*** Opening of DATASET ***

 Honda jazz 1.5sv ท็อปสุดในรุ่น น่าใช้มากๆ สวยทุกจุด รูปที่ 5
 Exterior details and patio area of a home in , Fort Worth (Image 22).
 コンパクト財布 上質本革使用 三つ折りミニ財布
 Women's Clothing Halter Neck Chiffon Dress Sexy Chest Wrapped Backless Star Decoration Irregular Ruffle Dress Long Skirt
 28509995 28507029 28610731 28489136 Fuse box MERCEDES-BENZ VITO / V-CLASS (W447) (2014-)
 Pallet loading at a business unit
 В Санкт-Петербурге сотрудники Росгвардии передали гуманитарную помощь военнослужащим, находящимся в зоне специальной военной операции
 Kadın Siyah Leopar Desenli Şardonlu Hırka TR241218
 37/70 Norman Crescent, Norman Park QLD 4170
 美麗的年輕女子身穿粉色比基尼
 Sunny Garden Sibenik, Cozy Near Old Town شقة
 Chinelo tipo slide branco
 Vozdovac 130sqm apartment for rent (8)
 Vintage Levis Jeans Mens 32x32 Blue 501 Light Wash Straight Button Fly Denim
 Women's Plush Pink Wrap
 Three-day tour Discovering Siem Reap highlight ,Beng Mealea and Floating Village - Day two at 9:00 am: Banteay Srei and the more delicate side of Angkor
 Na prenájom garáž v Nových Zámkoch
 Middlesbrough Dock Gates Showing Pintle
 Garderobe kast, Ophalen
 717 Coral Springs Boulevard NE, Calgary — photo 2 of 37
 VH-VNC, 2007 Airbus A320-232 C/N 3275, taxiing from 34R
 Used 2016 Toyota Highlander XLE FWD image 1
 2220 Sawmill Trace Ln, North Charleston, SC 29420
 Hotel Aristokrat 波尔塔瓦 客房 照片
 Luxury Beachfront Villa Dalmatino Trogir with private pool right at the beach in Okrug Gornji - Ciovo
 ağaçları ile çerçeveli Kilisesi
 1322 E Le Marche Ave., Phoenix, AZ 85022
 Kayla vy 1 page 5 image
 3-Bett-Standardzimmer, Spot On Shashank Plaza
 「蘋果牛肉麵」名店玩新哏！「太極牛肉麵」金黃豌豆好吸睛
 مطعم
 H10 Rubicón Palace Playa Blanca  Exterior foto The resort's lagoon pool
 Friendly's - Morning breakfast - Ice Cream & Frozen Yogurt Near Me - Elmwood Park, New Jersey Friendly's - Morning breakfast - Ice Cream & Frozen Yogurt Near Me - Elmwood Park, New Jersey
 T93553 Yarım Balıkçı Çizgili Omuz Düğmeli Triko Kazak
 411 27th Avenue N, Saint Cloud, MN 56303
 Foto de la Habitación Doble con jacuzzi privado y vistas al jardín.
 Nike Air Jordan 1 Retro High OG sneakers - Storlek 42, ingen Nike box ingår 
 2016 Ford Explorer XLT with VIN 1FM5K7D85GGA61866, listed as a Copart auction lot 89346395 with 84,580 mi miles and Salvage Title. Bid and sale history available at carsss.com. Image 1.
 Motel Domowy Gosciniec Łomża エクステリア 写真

*** Close of DATASET ***

REQUIRED WORK.
Scan the records above line by line, counting those where the word "Park" appears, and give the count alone.

RESULT FOR THIS EXERCISE.
2